## TASK DETAILS
Using the records that follow, reproduce exactly the lines starting at the line containing "Helppoa ja huoletonta" and ending at the line containing "Wryneck - Nash - Gwent - Wales". Include both end lines and no pictures.

## DATA FOR THIS EXERCISE
▬▬▬▬▬▬

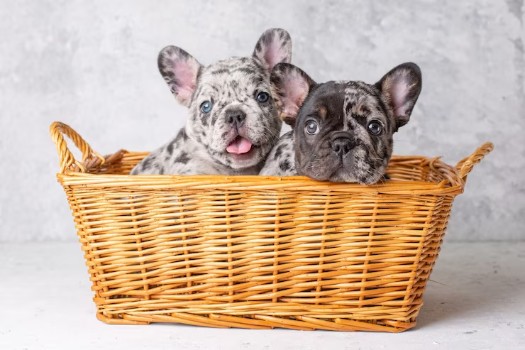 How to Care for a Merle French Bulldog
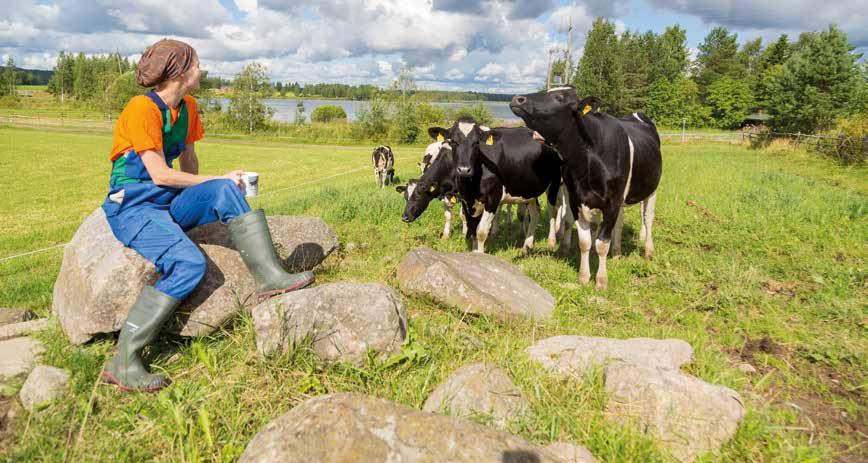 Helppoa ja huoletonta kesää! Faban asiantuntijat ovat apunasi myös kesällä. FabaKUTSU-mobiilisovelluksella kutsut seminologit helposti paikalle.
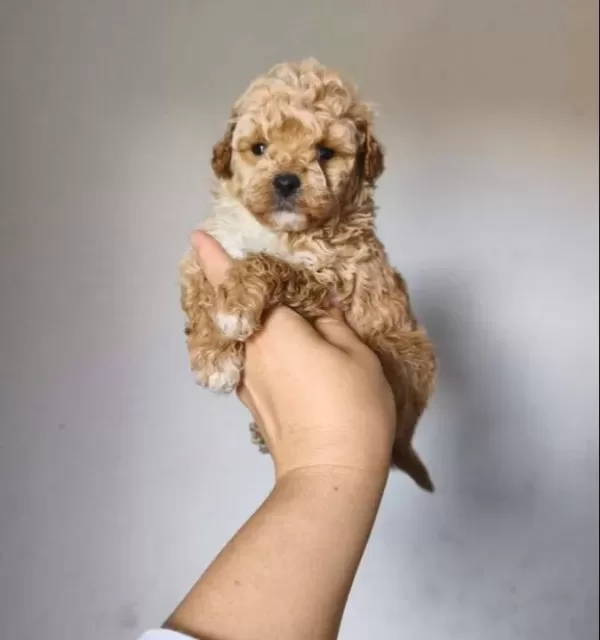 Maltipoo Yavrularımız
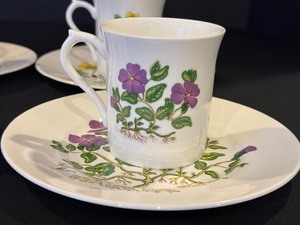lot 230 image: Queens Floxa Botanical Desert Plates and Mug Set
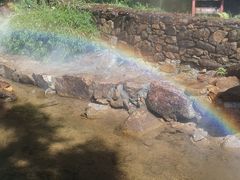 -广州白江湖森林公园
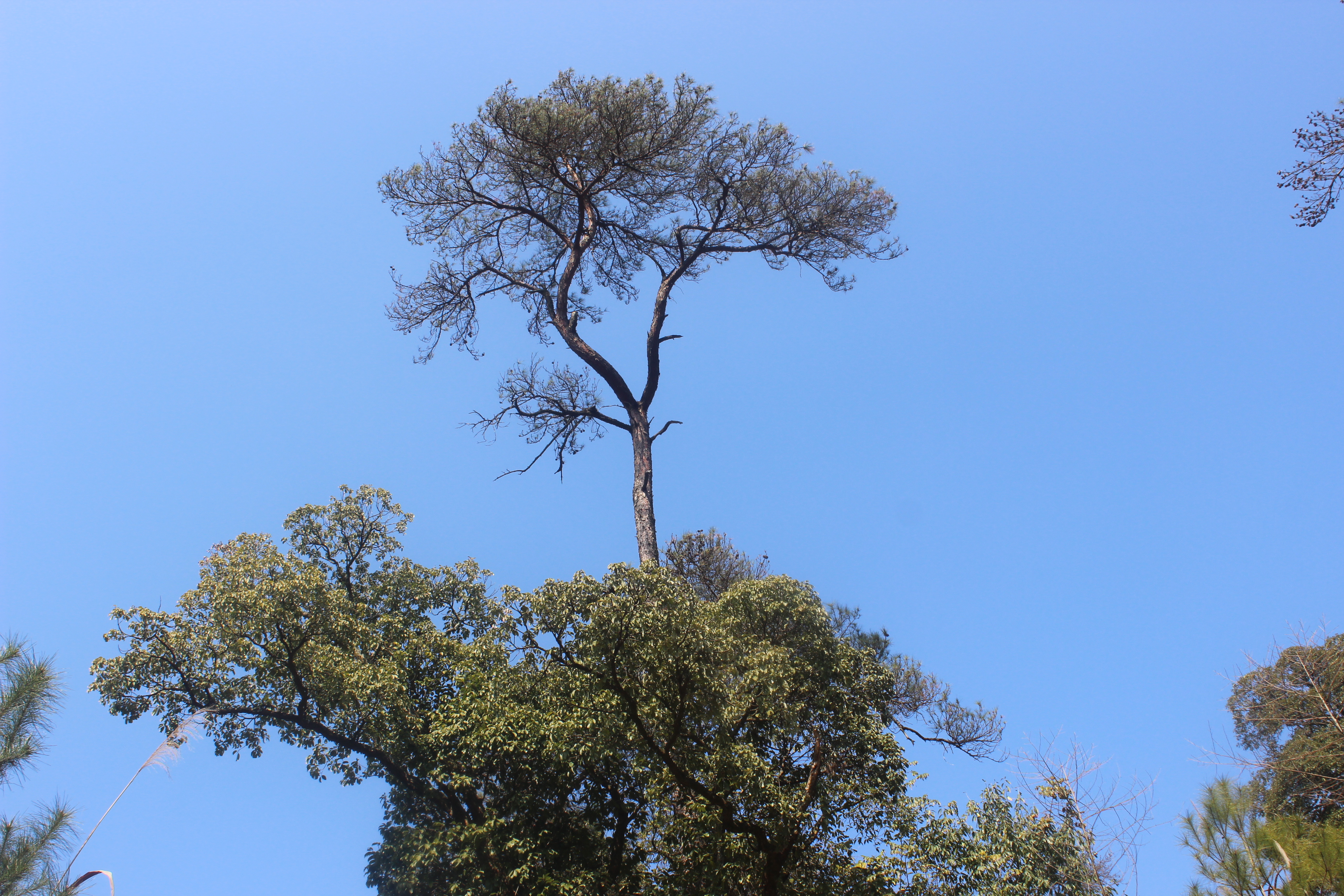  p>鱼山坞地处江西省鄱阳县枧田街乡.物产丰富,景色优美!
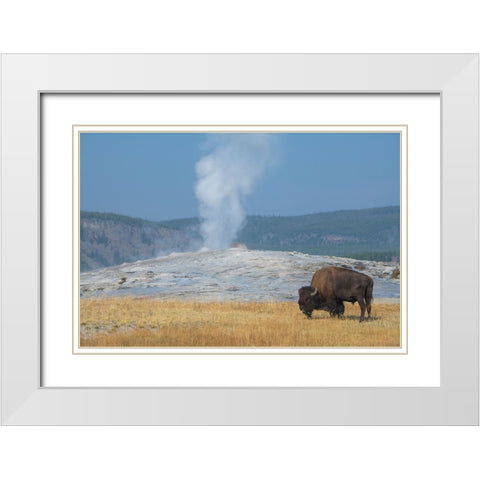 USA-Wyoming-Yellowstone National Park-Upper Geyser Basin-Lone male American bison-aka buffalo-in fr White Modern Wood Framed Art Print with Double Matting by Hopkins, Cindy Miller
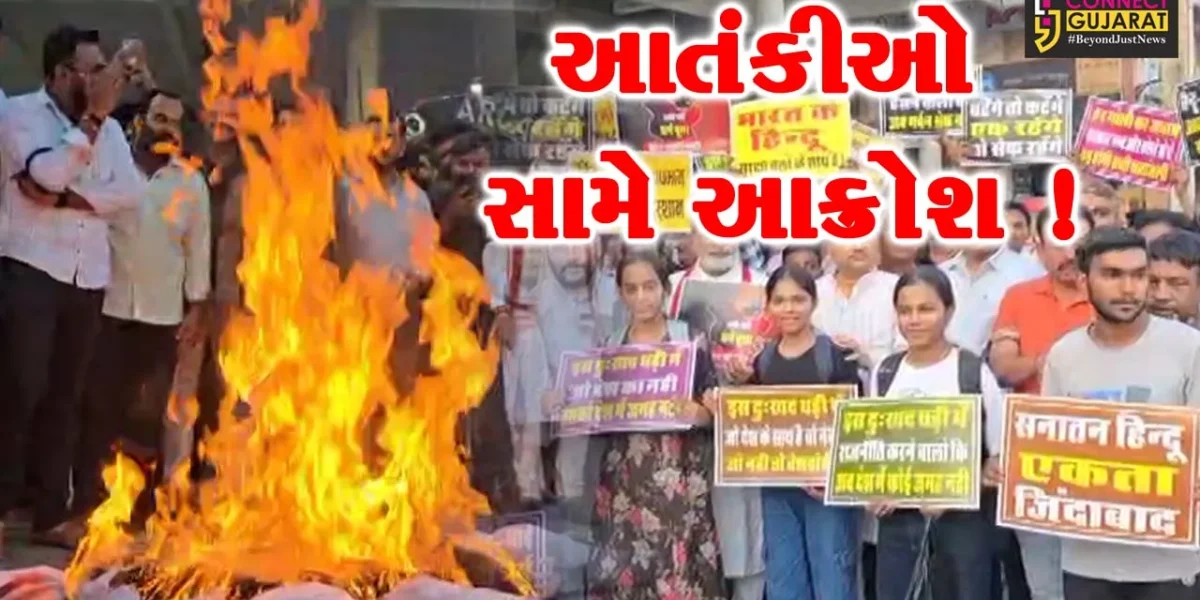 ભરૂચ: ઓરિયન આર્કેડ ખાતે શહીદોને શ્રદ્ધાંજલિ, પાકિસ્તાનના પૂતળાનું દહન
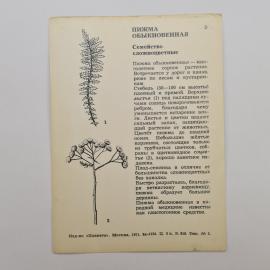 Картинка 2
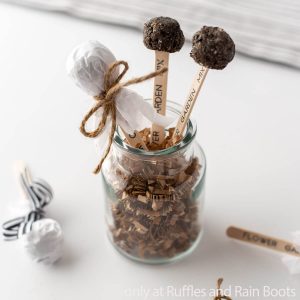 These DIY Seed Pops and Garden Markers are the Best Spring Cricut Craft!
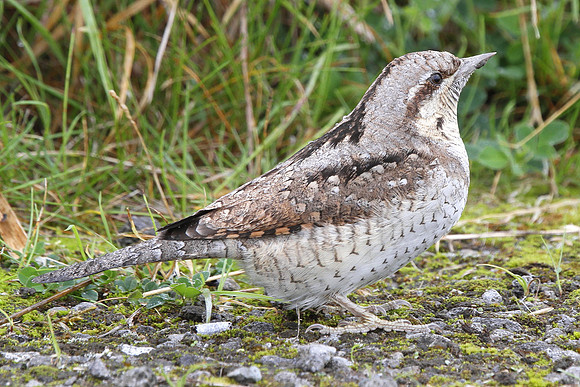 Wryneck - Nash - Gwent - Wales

▬▬▬▬▬▬

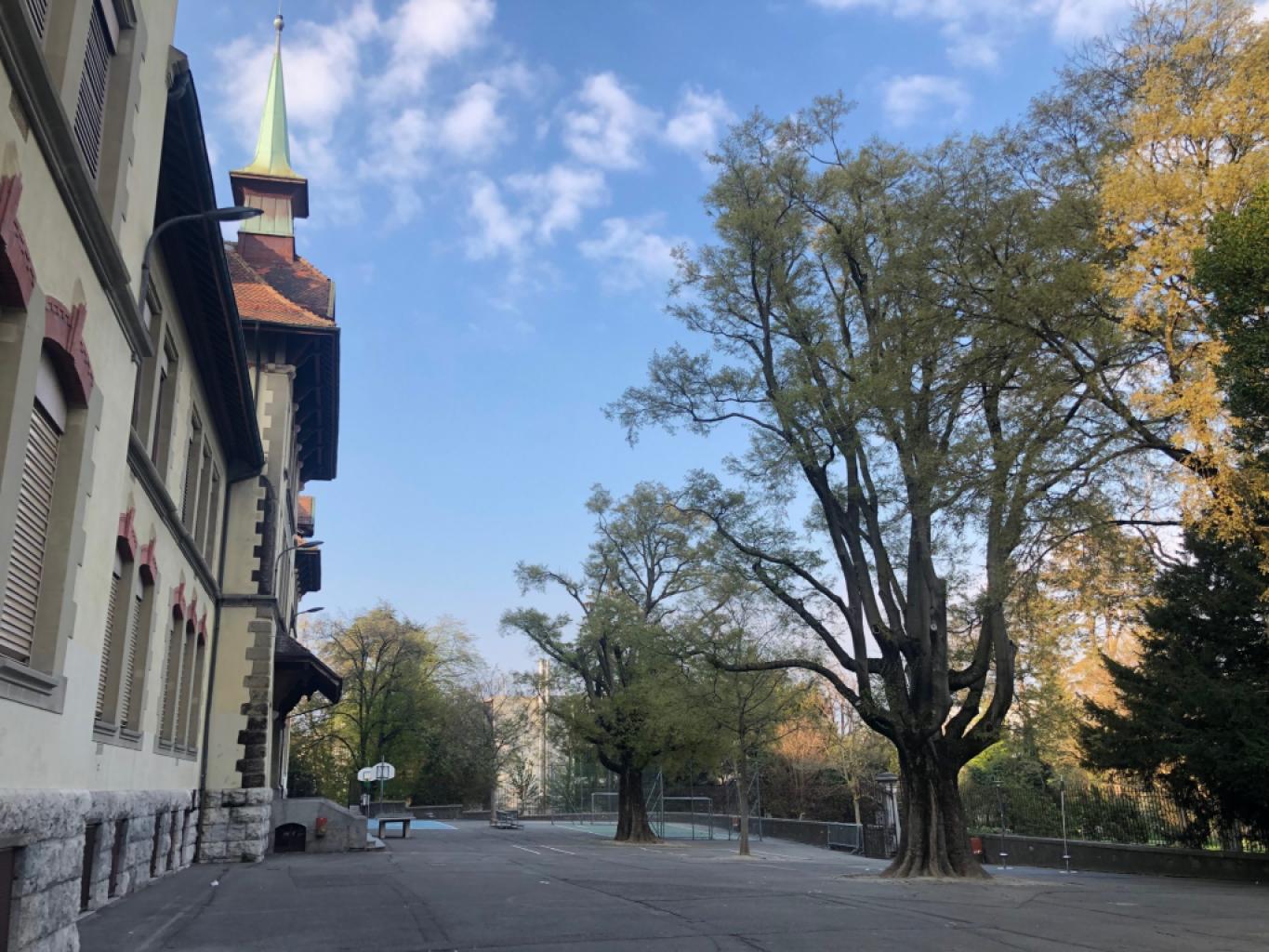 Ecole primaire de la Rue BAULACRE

▬▬▬▬▬▬

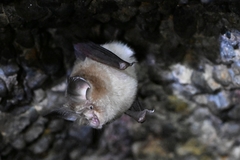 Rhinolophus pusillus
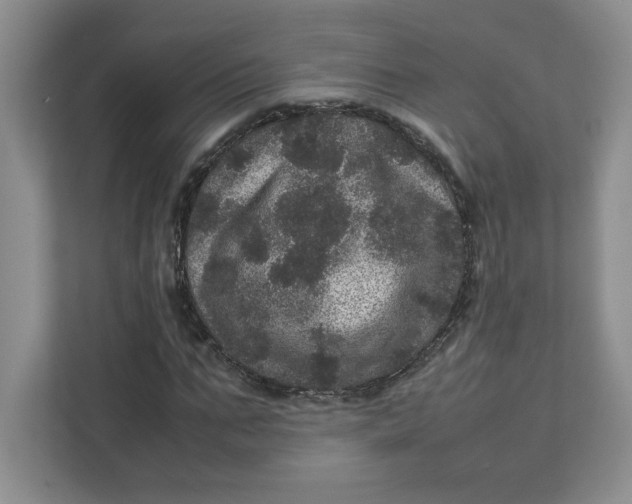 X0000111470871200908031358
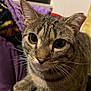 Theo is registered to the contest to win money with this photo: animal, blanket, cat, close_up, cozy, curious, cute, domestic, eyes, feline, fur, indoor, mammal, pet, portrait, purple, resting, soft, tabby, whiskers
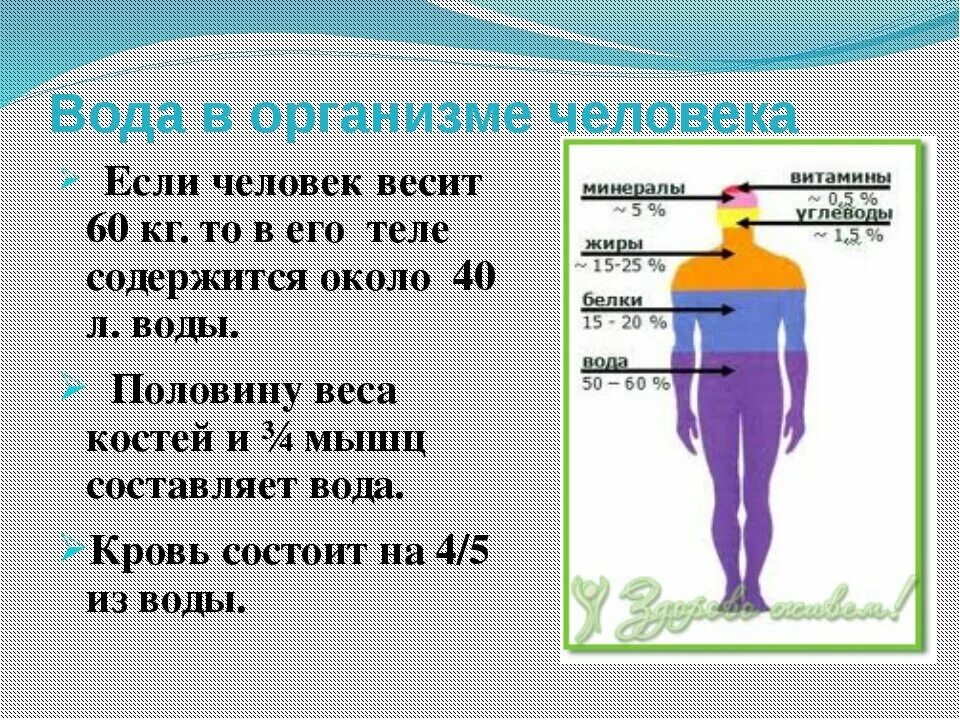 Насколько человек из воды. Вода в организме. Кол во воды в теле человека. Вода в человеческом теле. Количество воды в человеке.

▬▬▬▬▬▬

## FINISHED TASK
 Helppoa ja huoletonta kesää! Faban asiantuntijat ovat apunasi myös kesällä. FabaKUTSU-mobiilisovelluksella kutsut seminologit helposti paikalle.
 Maltipoo Yavrularımız
lot 230 image: Queens Floxa Botanical Desert Plates and Mug Set
 -广州白江湖森林公园
  p>鱼山坞地处江西省鄱阳县枧田街乡.物产丰富,景色优美!
 USA-Wyoming-Yellowstone National Park-Upper Geyser Basin-Lone male American bison-aka buffalo-in fr White Modern Wood Framed Art Print with Double Matting by Hopkins, Cindy Miller
 ભરૂચ: ઓરિયન આર્કેડ ખાતે શહીદોને શ્રદ્ધાંજલિ, પાકિસ્તાનના પૂતળાનું દહન
 Картинка 2
 These DIY Seed Pops and Garden Markers are the Best Spring Cricut Craft!
 Wryneck - Nash - Gwent - Wales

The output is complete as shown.